I remember when I was a younger lawyer the difficulty I had with clients settling lawsuits that factually and legally had little merit. I remember the partner I worked for telling me that was the cost of doing business. While I knew he was right that comment still bothers me to this day. But the reality is lawyers cost money and the time and expense defending lawsuits can be distracting, especially when a company doesn’t have a legal department or is a routine player in employment disputes.
No matter how distasteful, at the same time a company is getting together all of the documents and identifying the witnesses that are key to defending a claim, the powers that be also need to evaluate the possibilities of settlement. What does mean? Defense counsel should be reaching out to plaintiff’s counsel early on in the process to determine what the plaintiff wants.
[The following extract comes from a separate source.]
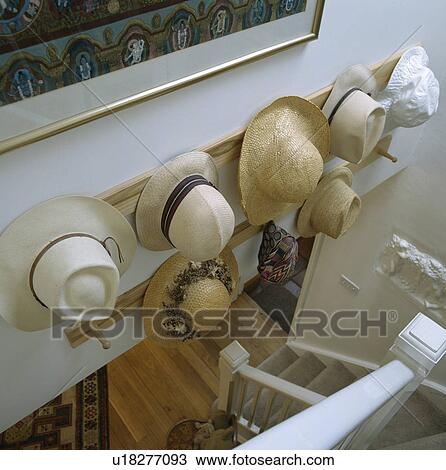 Aerial view of straw hat collection above traditional white staircase View Large Photo Image Stock Image - Aerial view of straw hat collection above traditional white staircase. Fotosearch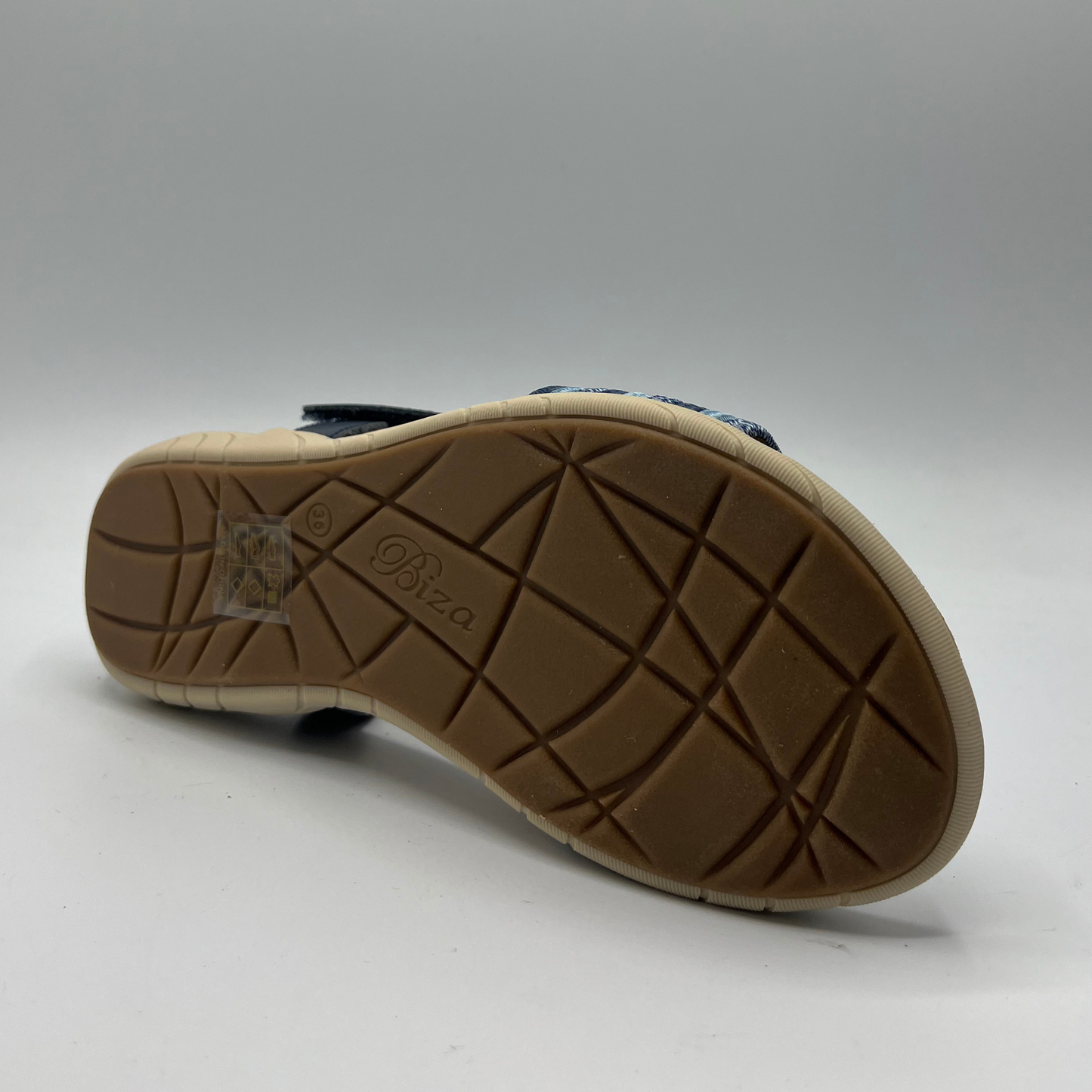 Bottom view of a navy leather and elastic strapped sandal with a cushioned, contoured footbed and lightweight rubber outsole.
There are two things I tell my clients that I am generally certain of: (1) a dispute will cost more then you think; and (2) it will also take up more of your time then anticipated.
Now there are certain times where the company may need some discovery to be in a position to evaluate the claims of a plaintiff. But in many situations, dialogue with opposing counsel may give the other side a read into what the lawyer actually believes the merits of the case may be. Trust me, a lawyer on a contingency fee does not want to spend time on a case that is marginal. If it’s marginal they are going to want to resolve it, if not maybe the case as not as marginal as the company thinks.
Most cases are never going to trial. That means there could be a summary judgment or more likely a settlement at some point in the process. The earlier in the process that can be reached the better.